Data entries:
◇ ◇ ◇ ◇ ◇ ◇ ◇

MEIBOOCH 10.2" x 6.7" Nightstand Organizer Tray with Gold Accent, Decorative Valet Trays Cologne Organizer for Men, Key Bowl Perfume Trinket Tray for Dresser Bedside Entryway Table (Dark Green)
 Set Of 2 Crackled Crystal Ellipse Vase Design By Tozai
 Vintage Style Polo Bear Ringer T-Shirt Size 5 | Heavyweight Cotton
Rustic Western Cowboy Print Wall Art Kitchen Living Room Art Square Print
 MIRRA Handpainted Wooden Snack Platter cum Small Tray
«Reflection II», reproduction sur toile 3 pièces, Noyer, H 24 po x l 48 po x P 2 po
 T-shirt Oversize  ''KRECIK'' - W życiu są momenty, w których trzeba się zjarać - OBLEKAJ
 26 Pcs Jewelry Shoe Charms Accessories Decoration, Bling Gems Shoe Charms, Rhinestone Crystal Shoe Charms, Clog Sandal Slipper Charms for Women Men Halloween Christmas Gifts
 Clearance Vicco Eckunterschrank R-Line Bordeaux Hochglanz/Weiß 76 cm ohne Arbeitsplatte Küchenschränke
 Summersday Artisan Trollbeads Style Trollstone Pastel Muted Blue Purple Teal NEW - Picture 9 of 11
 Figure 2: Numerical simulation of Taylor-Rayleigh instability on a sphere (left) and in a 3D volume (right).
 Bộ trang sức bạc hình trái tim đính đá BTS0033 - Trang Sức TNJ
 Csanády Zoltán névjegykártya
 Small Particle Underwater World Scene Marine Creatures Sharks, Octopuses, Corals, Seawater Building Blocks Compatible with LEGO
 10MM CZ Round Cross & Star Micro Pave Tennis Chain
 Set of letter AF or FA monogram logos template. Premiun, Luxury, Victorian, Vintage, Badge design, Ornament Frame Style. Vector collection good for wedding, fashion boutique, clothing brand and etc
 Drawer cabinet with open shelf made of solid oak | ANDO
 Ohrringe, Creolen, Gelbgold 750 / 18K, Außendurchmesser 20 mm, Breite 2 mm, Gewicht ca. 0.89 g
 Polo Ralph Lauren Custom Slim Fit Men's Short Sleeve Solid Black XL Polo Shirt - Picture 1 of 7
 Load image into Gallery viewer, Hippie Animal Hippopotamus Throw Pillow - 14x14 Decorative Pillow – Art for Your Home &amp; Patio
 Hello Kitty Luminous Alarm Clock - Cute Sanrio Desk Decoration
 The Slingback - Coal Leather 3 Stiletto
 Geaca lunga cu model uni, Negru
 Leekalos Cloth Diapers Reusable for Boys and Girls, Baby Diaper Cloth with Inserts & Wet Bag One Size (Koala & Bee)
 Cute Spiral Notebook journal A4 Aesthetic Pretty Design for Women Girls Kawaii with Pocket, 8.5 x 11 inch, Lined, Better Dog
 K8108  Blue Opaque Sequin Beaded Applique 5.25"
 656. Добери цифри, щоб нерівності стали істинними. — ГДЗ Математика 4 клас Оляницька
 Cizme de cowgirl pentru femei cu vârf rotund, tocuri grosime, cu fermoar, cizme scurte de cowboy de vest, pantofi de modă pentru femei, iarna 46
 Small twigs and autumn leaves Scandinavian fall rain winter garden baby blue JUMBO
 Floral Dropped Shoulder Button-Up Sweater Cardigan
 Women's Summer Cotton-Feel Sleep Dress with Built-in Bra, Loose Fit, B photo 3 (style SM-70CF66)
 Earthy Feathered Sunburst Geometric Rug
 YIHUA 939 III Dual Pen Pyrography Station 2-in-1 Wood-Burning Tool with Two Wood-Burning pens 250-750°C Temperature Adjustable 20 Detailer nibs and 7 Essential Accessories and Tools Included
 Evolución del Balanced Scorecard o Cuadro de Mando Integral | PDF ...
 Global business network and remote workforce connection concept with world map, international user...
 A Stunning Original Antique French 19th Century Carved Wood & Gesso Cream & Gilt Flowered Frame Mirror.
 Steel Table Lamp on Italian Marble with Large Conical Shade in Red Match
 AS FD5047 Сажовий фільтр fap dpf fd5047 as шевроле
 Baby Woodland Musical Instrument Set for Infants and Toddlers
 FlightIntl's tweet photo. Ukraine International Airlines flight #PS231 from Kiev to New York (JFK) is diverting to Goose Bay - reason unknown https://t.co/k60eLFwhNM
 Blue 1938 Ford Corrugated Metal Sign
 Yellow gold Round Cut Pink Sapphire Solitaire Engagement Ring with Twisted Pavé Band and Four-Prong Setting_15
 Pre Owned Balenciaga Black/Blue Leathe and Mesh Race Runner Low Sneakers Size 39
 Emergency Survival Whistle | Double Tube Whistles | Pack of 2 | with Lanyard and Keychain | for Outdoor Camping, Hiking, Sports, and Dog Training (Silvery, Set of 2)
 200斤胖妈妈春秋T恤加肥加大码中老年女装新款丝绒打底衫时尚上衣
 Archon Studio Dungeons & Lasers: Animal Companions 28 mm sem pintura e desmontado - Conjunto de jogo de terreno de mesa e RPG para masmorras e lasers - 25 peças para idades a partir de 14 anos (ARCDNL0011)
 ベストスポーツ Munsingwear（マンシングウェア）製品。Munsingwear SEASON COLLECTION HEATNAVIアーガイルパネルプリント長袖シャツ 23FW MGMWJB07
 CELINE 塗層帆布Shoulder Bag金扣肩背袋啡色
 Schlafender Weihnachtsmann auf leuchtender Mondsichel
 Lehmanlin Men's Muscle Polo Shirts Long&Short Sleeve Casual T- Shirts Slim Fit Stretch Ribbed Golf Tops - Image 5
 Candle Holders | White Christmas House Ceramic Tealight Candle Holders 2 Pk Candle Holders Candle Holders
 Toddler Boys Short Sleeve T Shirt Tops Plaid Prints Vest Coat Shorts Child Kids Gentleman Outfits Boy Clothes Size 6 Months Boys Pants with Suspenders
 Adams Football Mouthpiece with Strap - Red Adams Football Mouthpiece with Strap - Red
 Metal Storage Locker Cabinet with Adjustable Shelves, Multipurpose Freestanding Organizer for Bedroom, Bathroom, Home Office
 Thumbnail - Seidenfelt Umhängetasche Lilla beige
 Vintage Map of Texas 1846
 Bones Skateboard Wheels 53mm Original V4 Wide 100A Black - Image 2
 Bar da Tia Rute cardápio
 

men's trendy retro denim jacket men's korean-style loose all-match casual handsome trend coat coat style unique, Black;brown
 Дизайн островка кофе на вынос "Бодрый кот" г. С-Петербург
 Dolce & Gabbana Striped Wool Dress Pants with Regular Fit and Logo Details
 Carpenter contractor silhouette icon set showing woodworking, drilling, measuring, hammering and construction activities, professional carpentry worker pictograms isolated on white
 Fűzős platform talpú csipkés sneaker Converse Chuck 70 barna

◇ ◇ ◇ ◇ ◇ ◇ ◇

What to do:
From the entries above, return exactly the line containing "Pre Owned Balenciaga", the line containing "Metal Storage Locker", and all lines between, and nothing else.

Your solution:
 Pre Owned Balenciaga Black/Blue Leathe and Mesh Race Runner Low Sneakers Size 39
 Emergency Survival Whistle | Double Tube Whistles | Pack of 2 | with Lanyard and Keychain | for Outdoor Camping, Hiking, Sports, and Dog Training (Silvery, Set of 2)
 200斤胖妈妈春秋T恤加肥加大码中老年女装新款丝绒打底衫时尚上衣
 Archon Studio Dungeons & Lasers: Animal Companions 28 mm sem pintura e desmontado - Conjunto de jogo de terreno de mesa e RPG para masmorras e lasers - 25 peças para idades a partir de 14 anos (ARCDNL0011)
 ベストスポーツ Munsingwear（マンシングウェア）製品。Munsingwear SEASON COLLECTION HEATNAVIアーガイルパネルプリント長袖シャツ 23FW MGMWJB07
 CELINE 塗層帆布Shoulder Bag金扣肩背袋啡色
 Schlafender Weihnachtsmann auf leuchtender Mondsichel
 Lehmanlin Men's Muscle Polo Shirts Long&Short Sleeve Casual T- Shirts Slim Fit Stretch Ribbed Golf Tops - Image 5
 Candle Holders | White Christmas House Ceramic Tealight Candle Holders 2 Pk Candle Holders Candle Holders
 Toddler Boys Short Sleeve T Shirt Tops Plaid Prints Vest Coat Shorts Child Kids Gentleman Outfits Boy Clothes Size 6 Months Boys Pants with Suspenders
 Adams Football Mouthpiece with Strap - Red Adams Football Mouthpiece with Strap - Red
 Metal Storage Locker Cabinet with Adjustable Shelves, Multipurpose Freestanding Organizer for Bedroom, Bathroom, Home Office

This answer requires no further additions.